Return each line of the listing below, unchanged, and omit the images.

**DATA PROVIDED:**
[Start of Attachment]
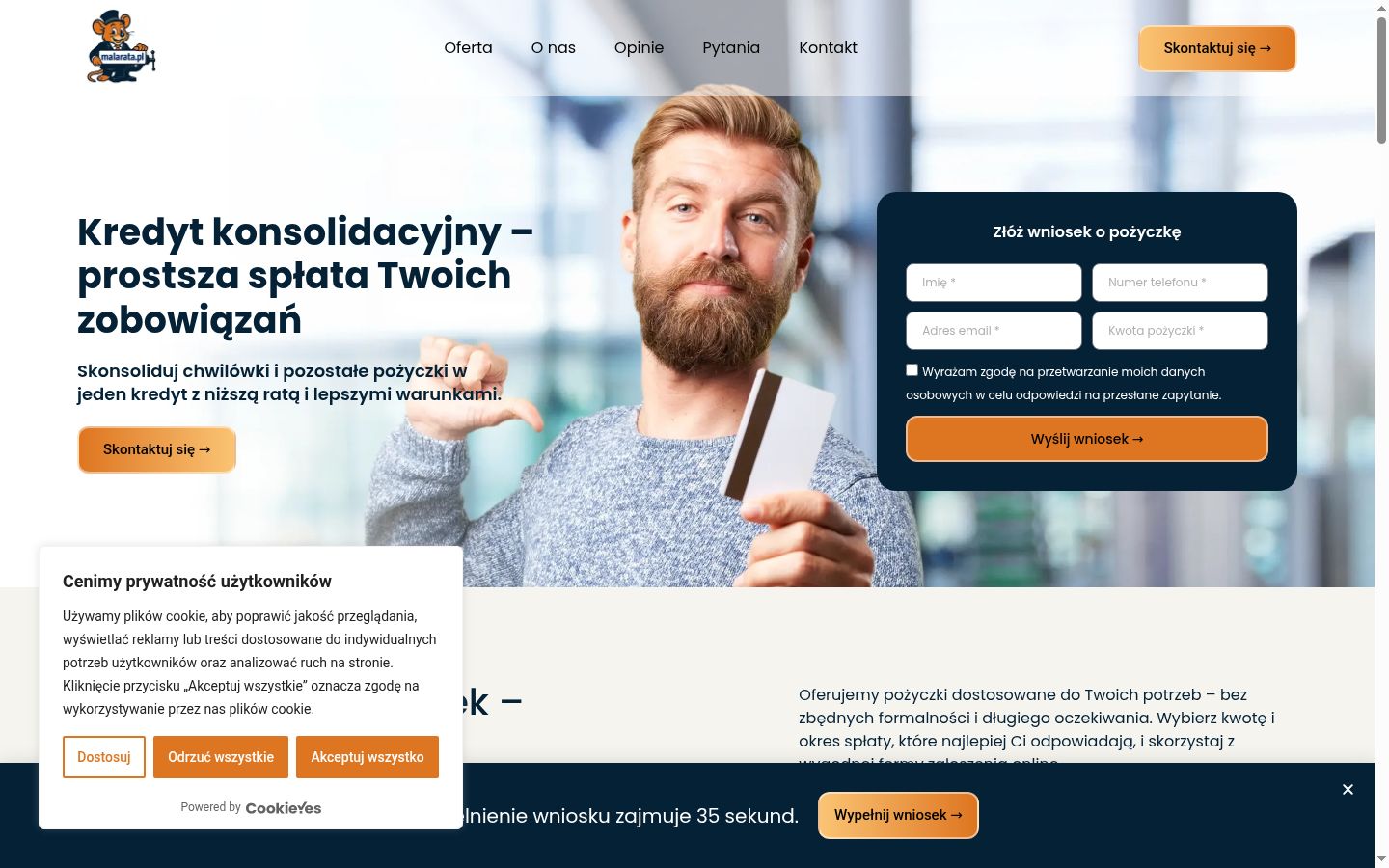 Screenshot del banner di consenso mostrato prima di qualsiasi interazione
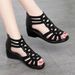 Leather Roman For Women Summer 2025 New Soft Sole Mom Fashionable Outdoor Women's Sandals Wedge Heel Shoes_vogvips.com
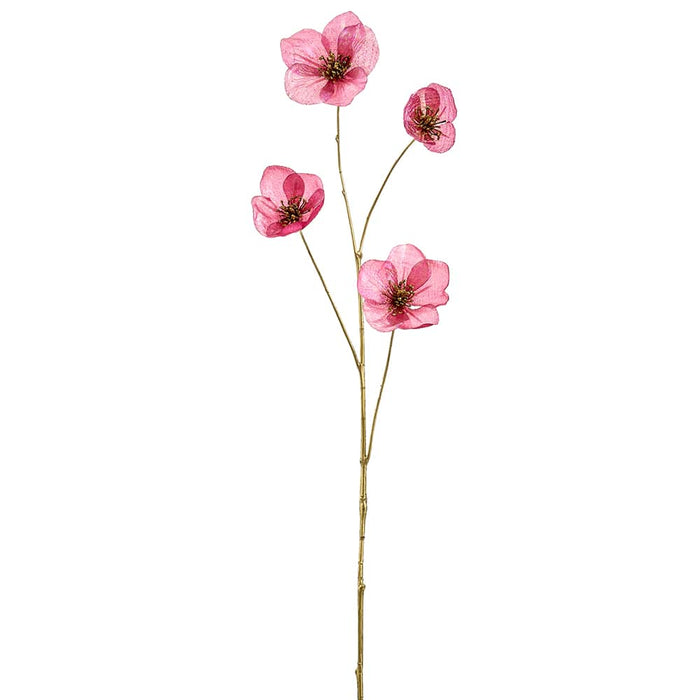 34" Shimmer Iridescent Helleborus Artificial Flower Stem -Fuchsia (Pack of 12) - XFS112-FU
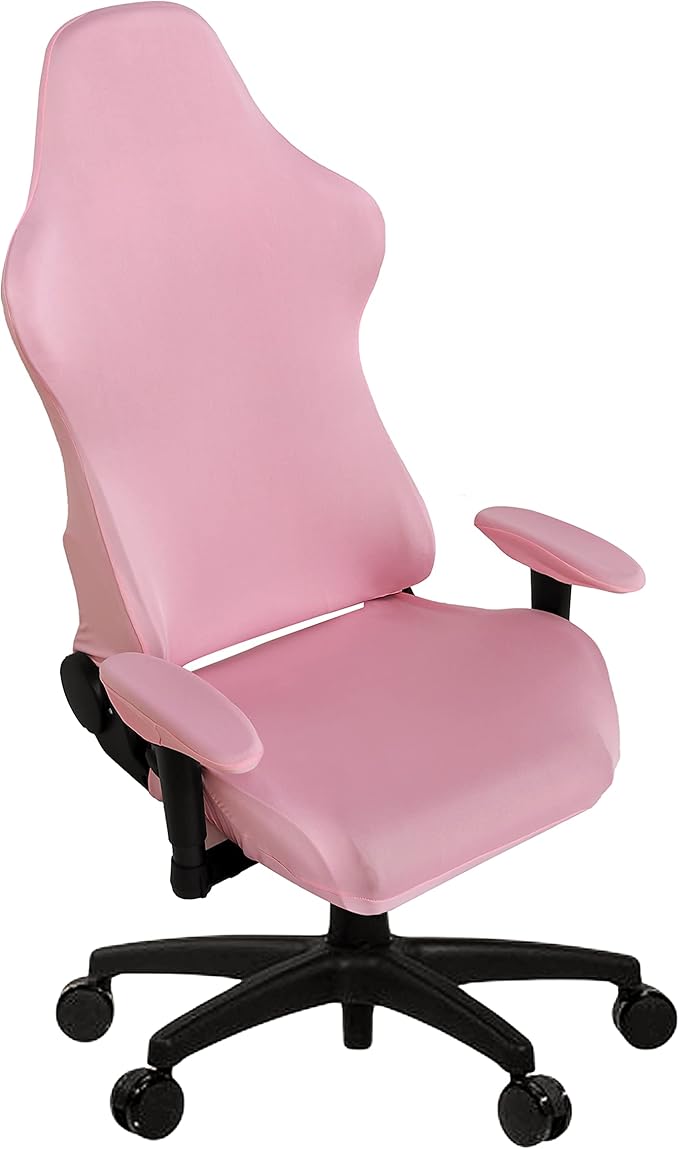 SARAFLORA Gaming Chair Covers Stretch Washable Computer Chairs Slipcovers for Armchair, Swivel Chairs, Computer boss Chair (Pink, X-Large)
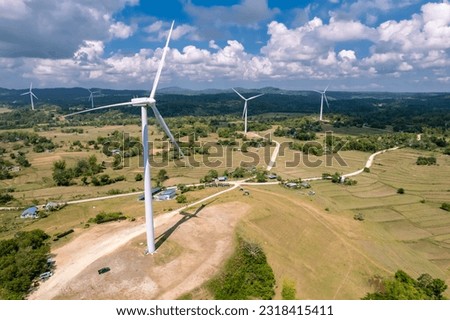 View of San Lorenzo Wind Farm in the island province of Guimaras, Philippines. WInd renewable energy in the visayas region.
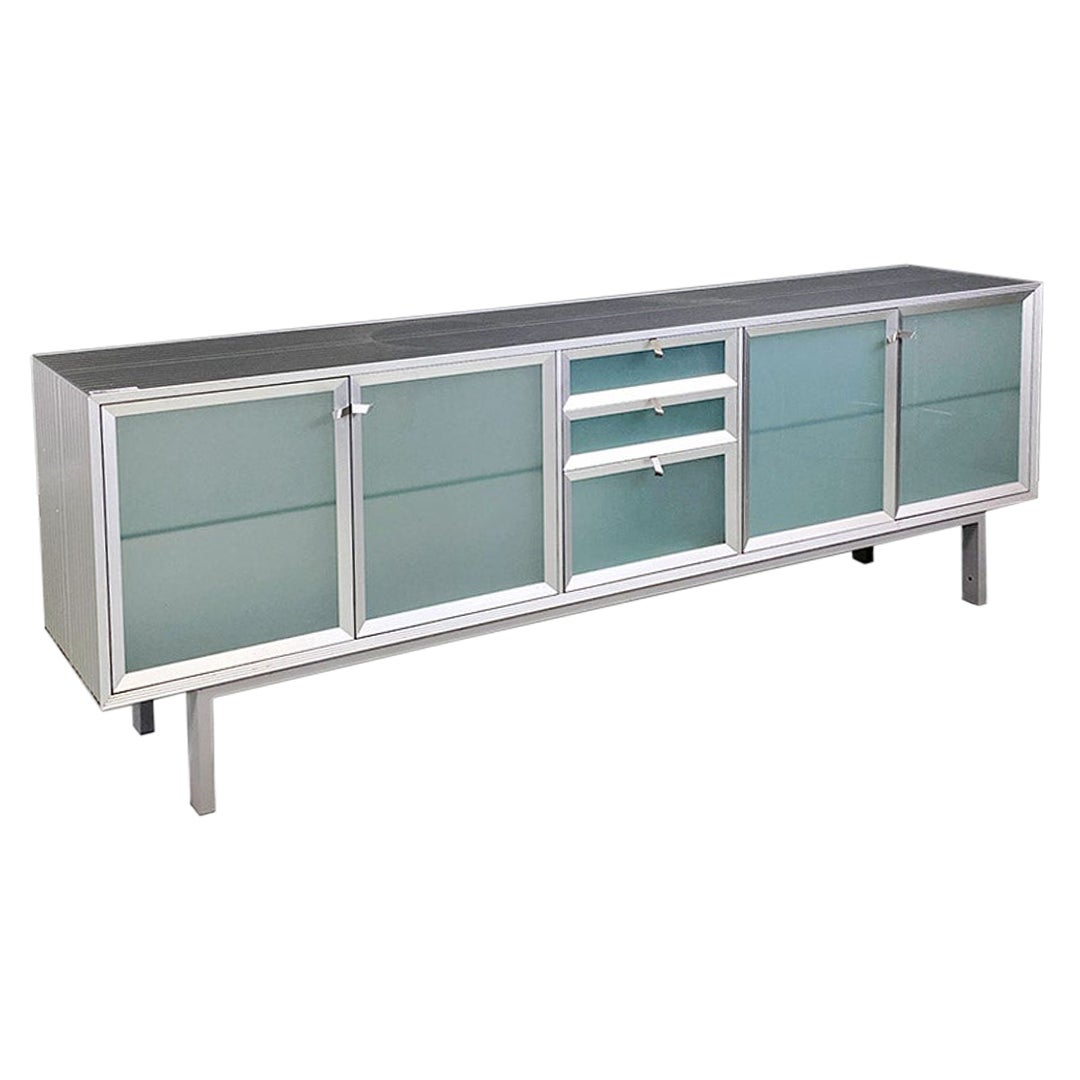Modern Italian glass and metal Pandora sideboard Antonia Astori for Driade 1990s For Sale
[End of Attachment]
**THE COMPLETED TASK:**
 Screenshot del banner di consenso mostrato prima di qualsiasi interazione
 Leather Roman For Women Summer 2025 New Soft Sole Mom Fashionable Outdoor Women's Sandals Wedge Heel Shoes_vogvips.com
 34" Shimmer Iridescent Helleborus Artificial Flower Stem -Fuchsia (Pack of 12) - XFS112-FU
 SARAFLORA Gaming Chair Covers Stretch Washable Computer Chairs Slipcovers for Armchair, Swivel Chairs, Computer boss Chair (Pink, X-Large)
 View of San Lorenzo Wind Farm in the island province of Guimaras, Philippines. WInd renewable energy in the visayas region.
Modern Italian glass and metal Pandora sideboard Antonia Astori for Driade 1990s For Sale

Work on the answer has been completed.